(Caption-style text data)

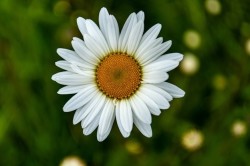 gros-plan-belle-fleur-daisy-oxeye_181624-11106
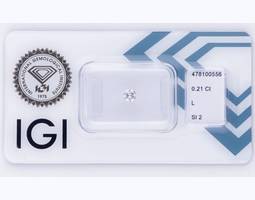 IGI 0.21-L/Si2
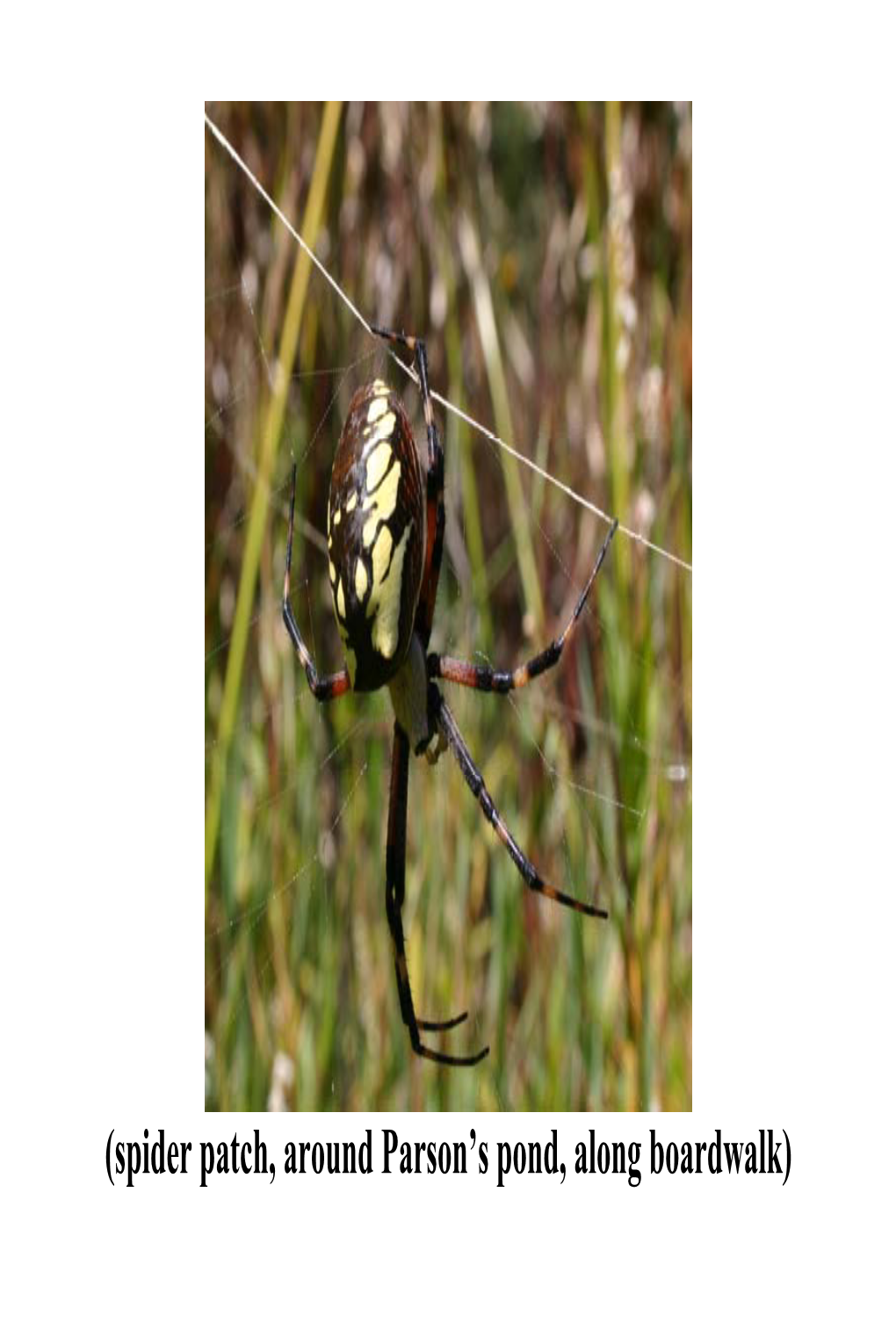 Yellow & Black Garden Spider (Argiope Aurantia)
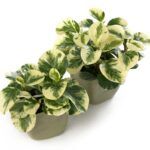 Пеперомия Green Gold от Завода ФЛОРА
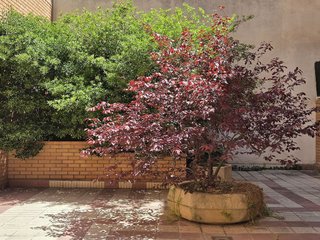 Piso en venta en San Pablo en Zaragoza
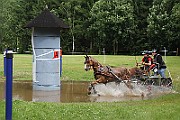 14_IMG_0014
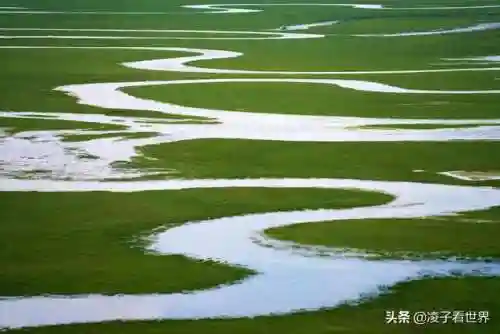 星际战海阵容搭配攻略(星际52区最强阵容)插图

> What to do
Your task is an exact printout of the records above, with no pictures.

> Solution for this problem
 gros-plan-belle-fleur-daisy-oxeye_181624-11106
 IGI 0.21-L/Si2
 Yellow & Black Garden Spider (Argiope Aurantia)
 Пеперомия Green Gold от Завода ФЛОРА
 Piso en venta en San Pablo en Zaragoza
 14_IMG_0014
 星际战海阵容搭配攻略(星际52区最强阵容)插图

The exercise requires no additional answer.